BEGIN

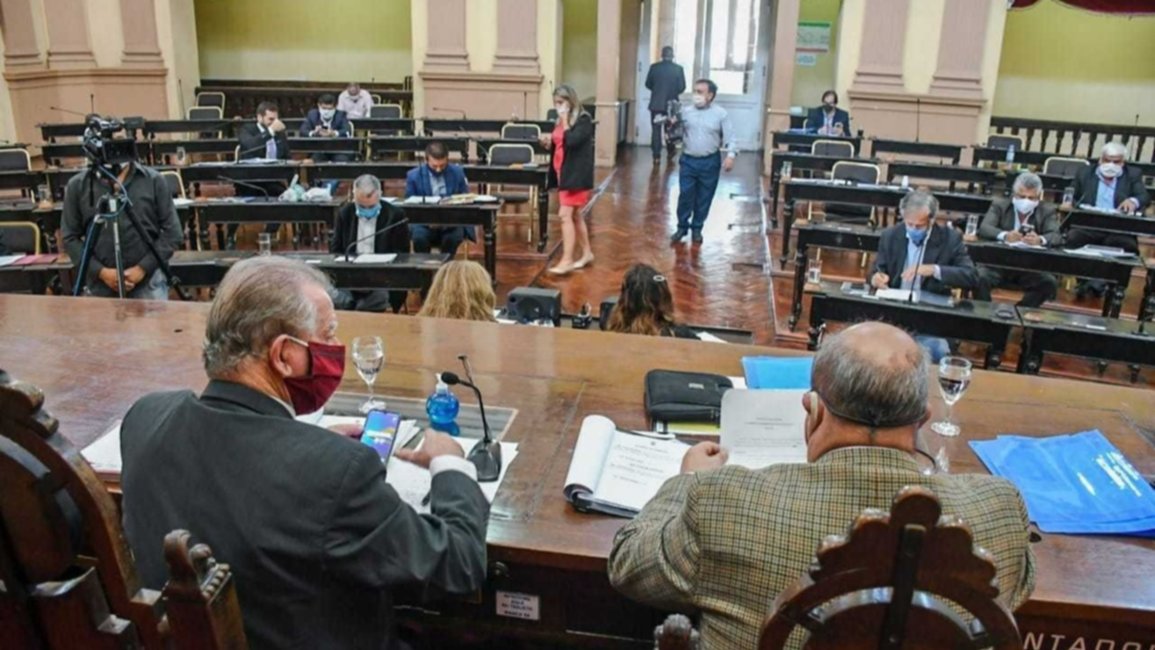 Eliminaron los superpoderes de la Policía de Salta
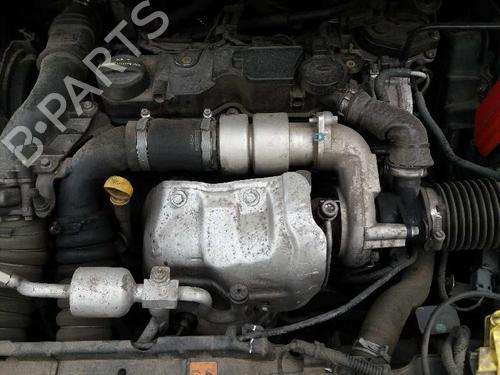 Engine mount FORD TOURNEO COURIER B460 MPV | BP9082476M89 - Image 4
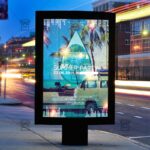 Download Beach Summer Party PSD Flyer Template Now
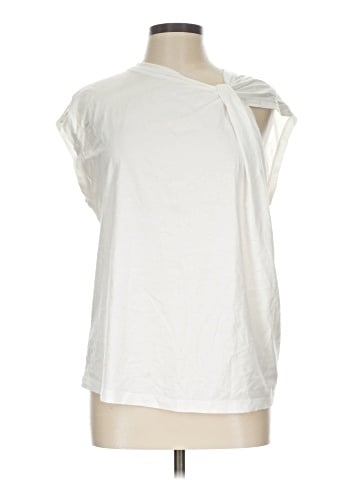 Banana Republic Sleeveless T-Shirt (view 1)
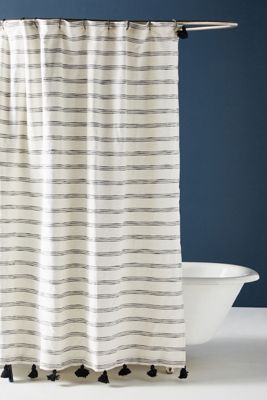 Rio Shower Curtain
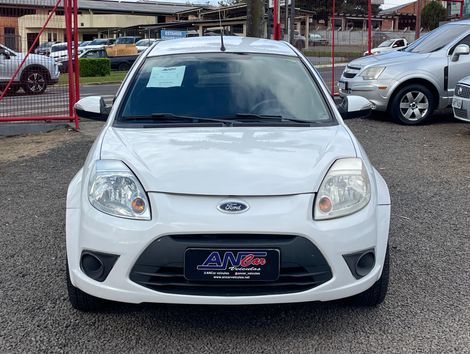 Ford Ka 1.0 8V/1.0 8V ST Flex 3p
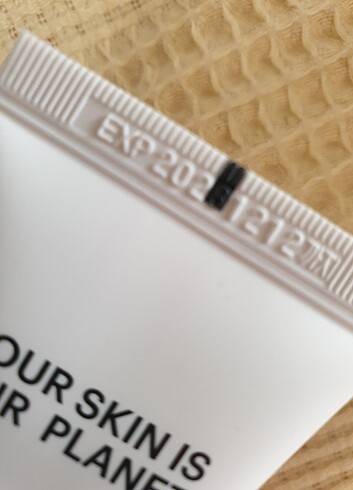 Diğer Torriden Cellmazing Firming Cream
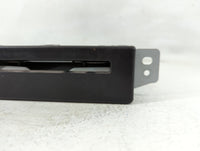 2015-2019 Gmc Sierra 1500 Radio AM FM Cd Player Receiver Replacement P/N:13594481 Fits Fits 2015 2016 2017 2018 2019 2020 OE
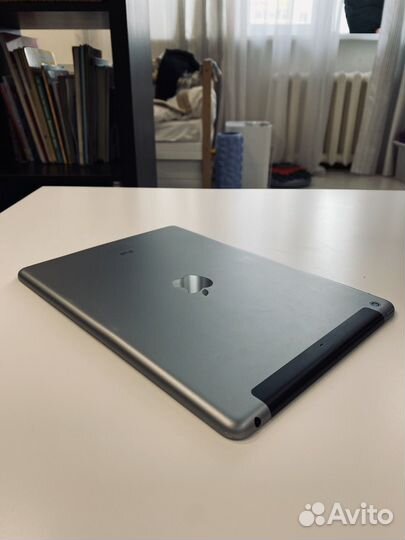 iPad air 64gb wi fi cellular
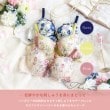 リサマリ(Risa Magli)のテリン ブラジャー（E-F）＜S Make Type＞1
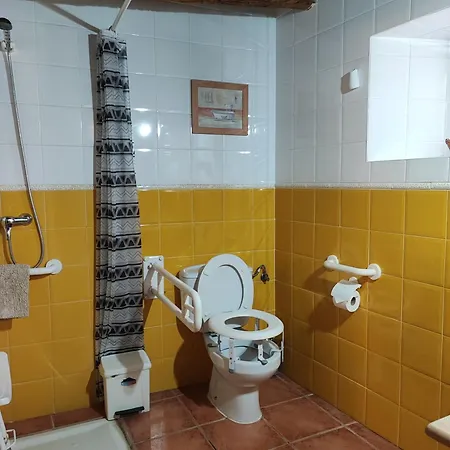 Anticca Rural Hasta 11 Personas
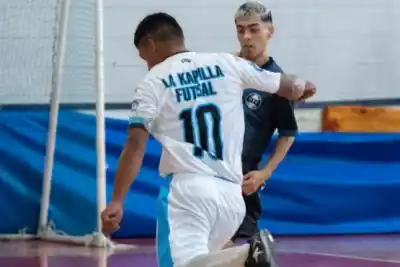 Santa Cruz se juega todo: cinco equipos en la Copa de Plata Sur 2026
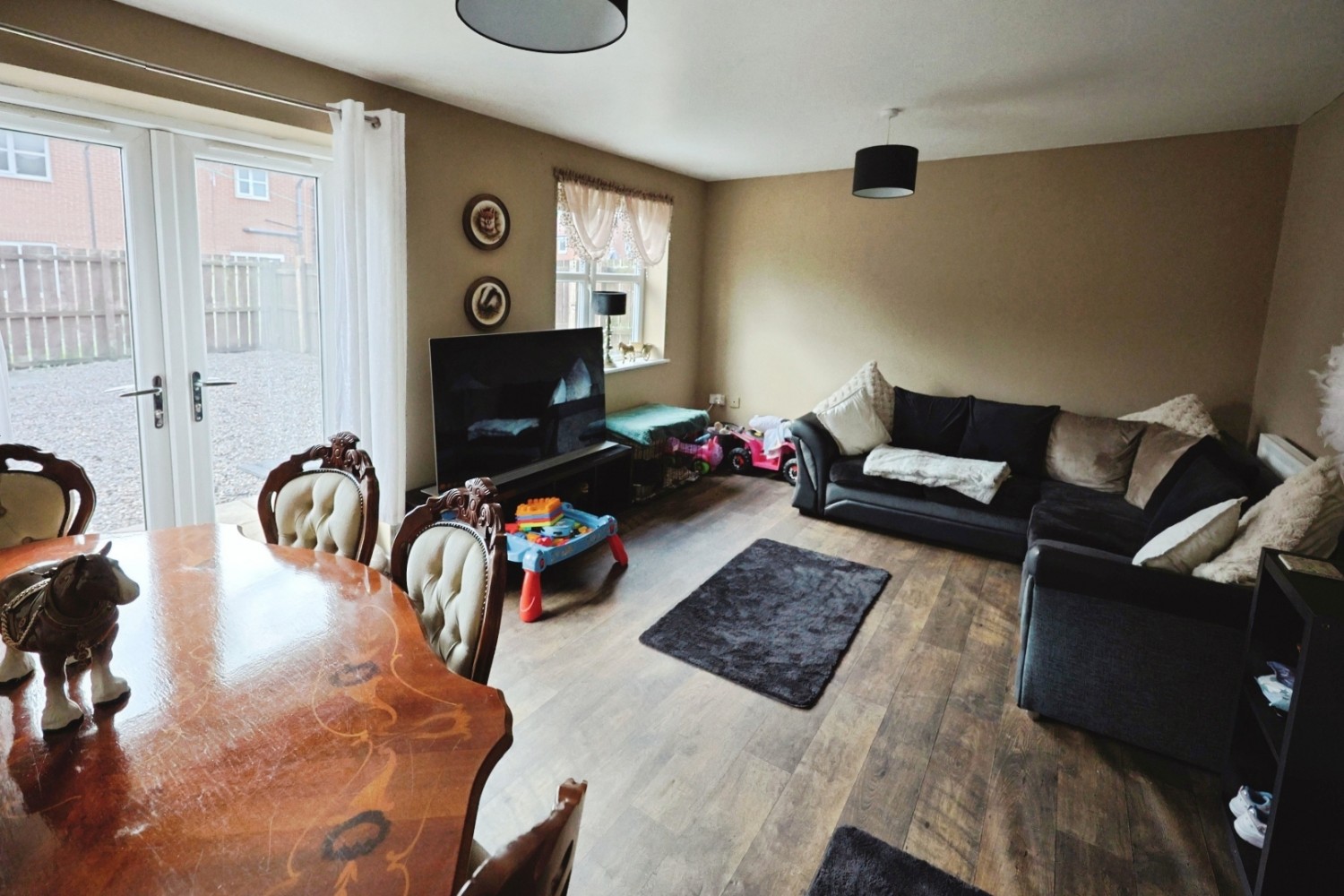 Douthwaite Road, Bishop Auckland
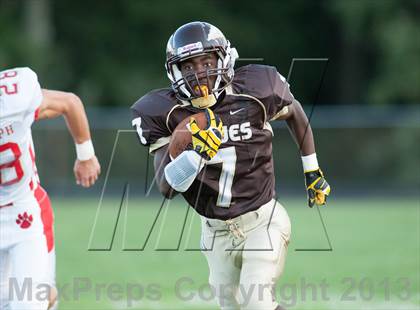 Thumbnail 1 in St. Joseph @ Absegami photogallery.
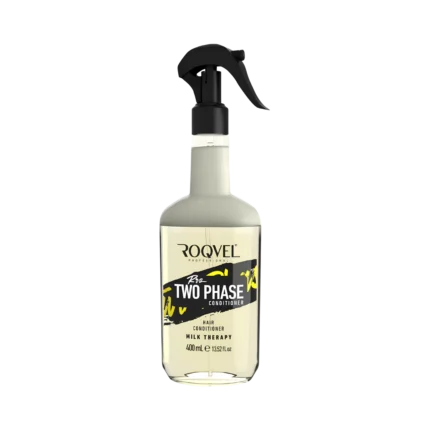 Bifásico ROQVEL Milk Therapy 400ml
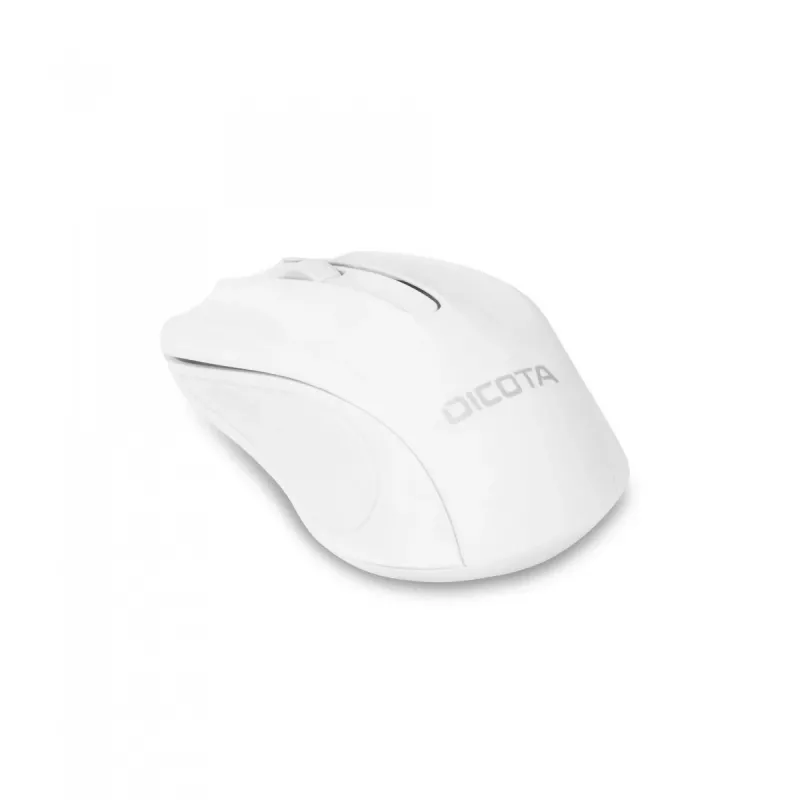Pelė DICOTA D31659W RF belaidė USB Type-C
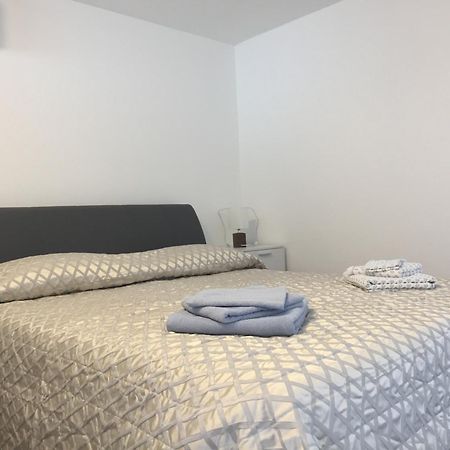 Ferienwohnung Vista Mare Lanusei Exterior foto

END

#### About this task
Each line from the one that holds "Download Beach Summer" through the end of the material should be repeated exactly, and nothing more. Leave out any picture.

#### Exercise output
 Download Beach Summer Party PSD Flyer Template Now
 Banana Republic Sleeveless T-Shirt (view 1)
 Rio Shower Curtain
 Ford Ka 1.0 8V/1.0 8V ST Flex 3p
 Diğer Torriden Cellmazing Firming Cream
 2015-2019 Gmc Sierra 1500 Radio AM FM Cd Player Receiver Replacement P/N:13594481 Fits Fits 2015 2016 2017 2018 2019 2020 OE
 iPad air 64gb wi fi cellular
 リサマリ(Risa Magli)のテリン ブラジャー（E-F）＜S Make Type＞1
 Anticca Rural Hasta 11 Personas
 Santa Cruz se juega todo: cinco equipos en la Copa de Plata Sur 2026
 Douthwaite Road, Bishop Auckland
 Thumbnail 1 in St. Joseph @ Absegami photogallery.
 Bifásico ROQVEL Milk Therapy 400ml
Pelė DICOTA D31659W RF belaidė USB Type-C
 Ferienwohnung Vista Mare Lanusei Exterior foto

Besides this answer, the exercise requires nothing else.